**DATA:**
__________
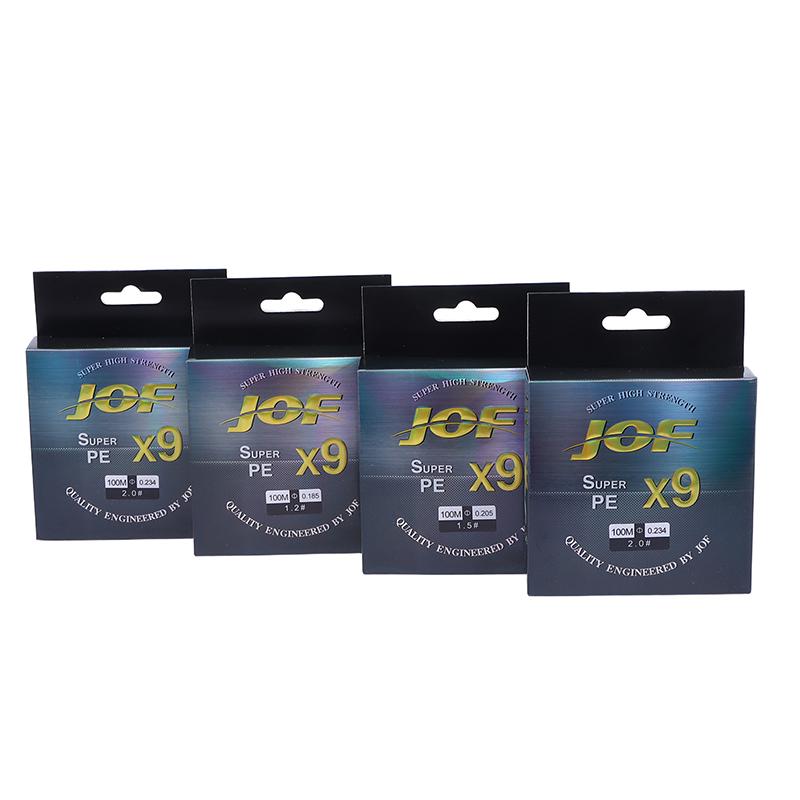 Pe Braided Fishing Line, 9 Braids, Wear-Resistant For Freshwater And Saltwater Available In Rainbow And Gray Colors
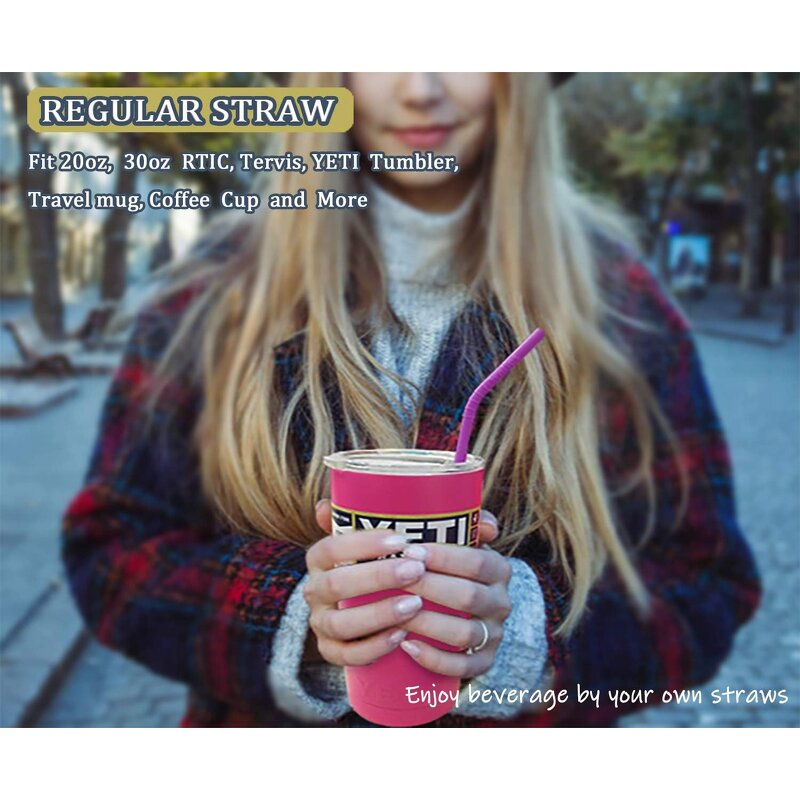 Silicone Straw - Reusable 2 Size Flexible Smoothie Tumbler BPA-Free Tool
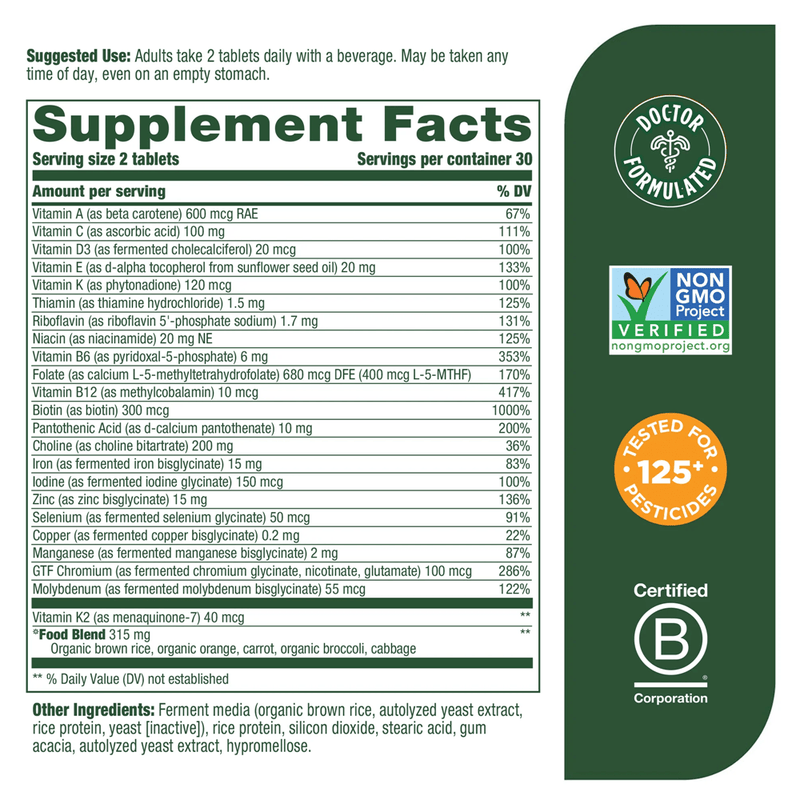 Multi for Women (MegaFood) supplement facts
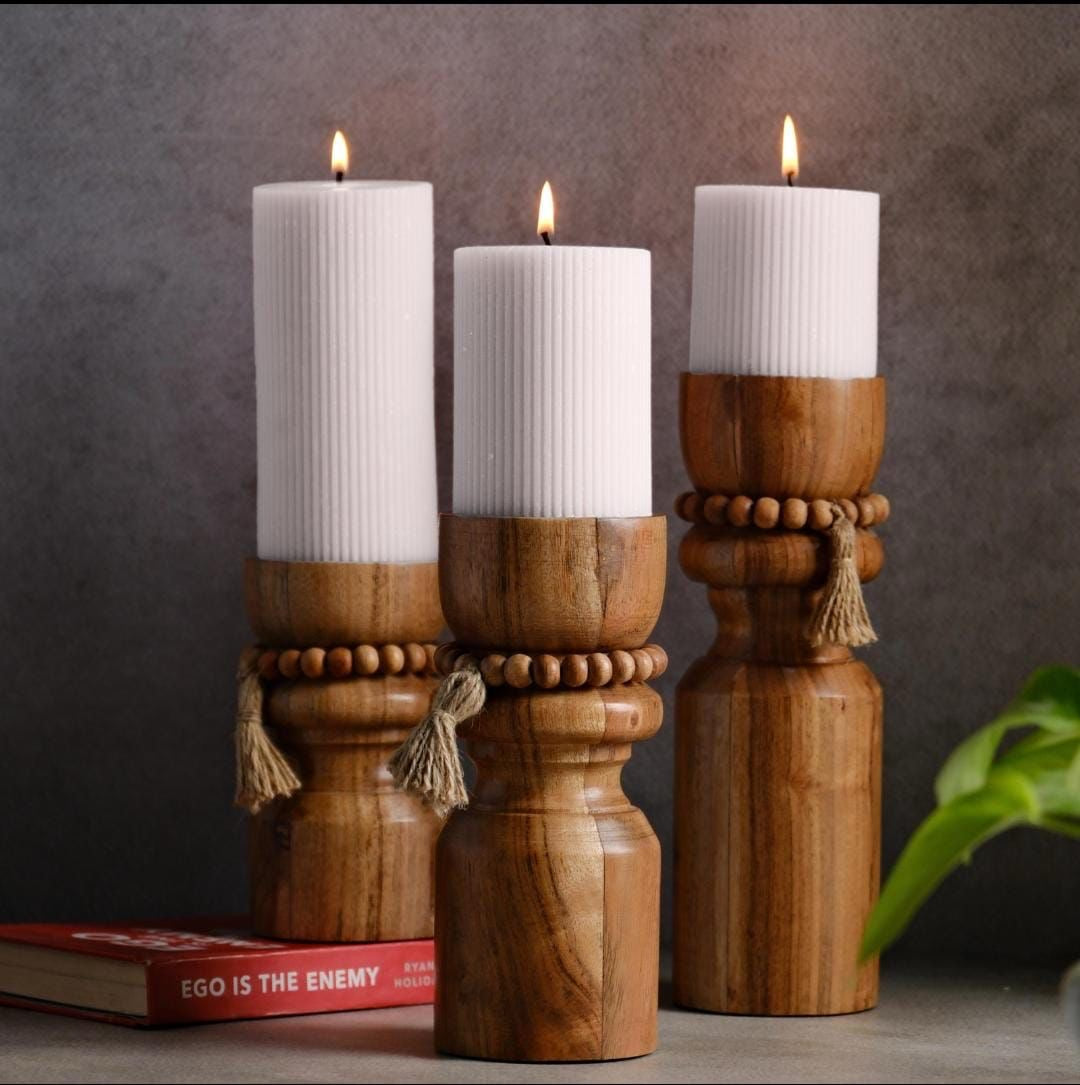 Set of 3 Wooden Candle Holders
__________
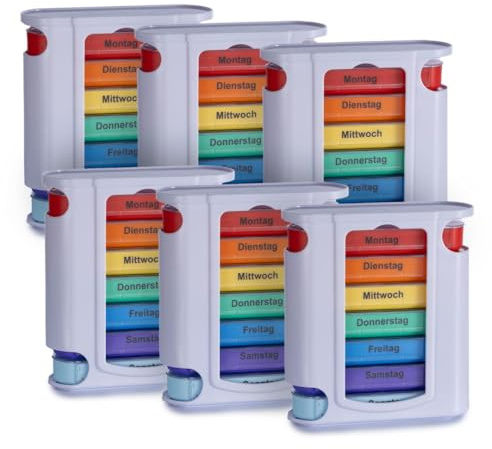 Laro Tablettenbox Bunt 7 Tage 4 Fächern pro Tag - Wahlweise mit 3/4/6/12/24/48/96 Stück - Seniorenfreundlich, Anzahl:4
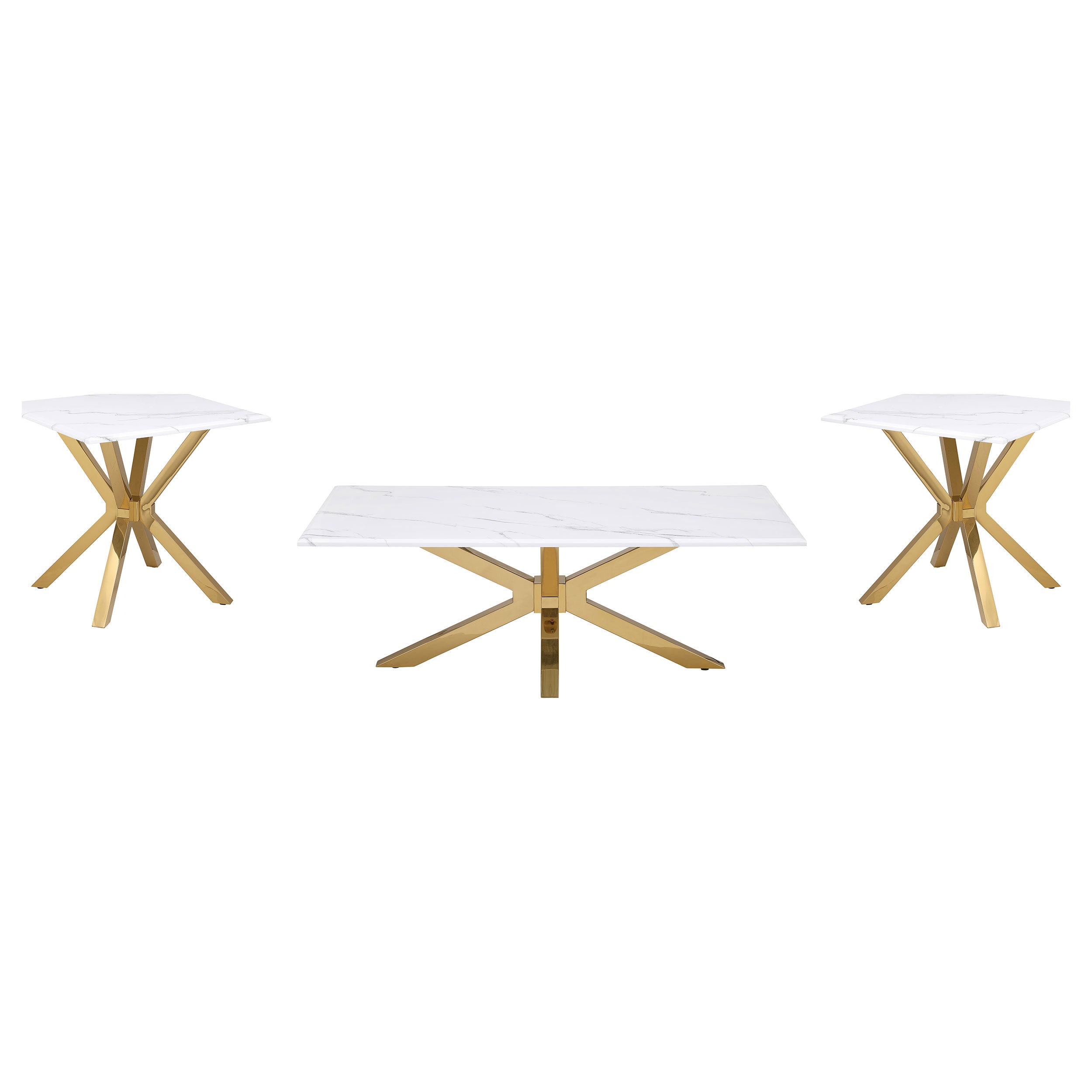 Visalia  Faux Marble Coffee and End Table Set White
__________
**WORK REQUEST:** Copy out the listing above from the line containing "Laro Tablettenbox Bunt" to the line containing "Table Set White", both included, exactly as written and minus the images.

**EXERCISE OUTPUT:**
 Laro Tablettenbox Bunt 7 Tage 4 Fächern pro Tag - Wahlweise mit 3/4/6/12/24/48/96 Stück - Seniorenfreundlich, Anzahl:4
 Visalia  Faux Marble Coffee and End Table Set White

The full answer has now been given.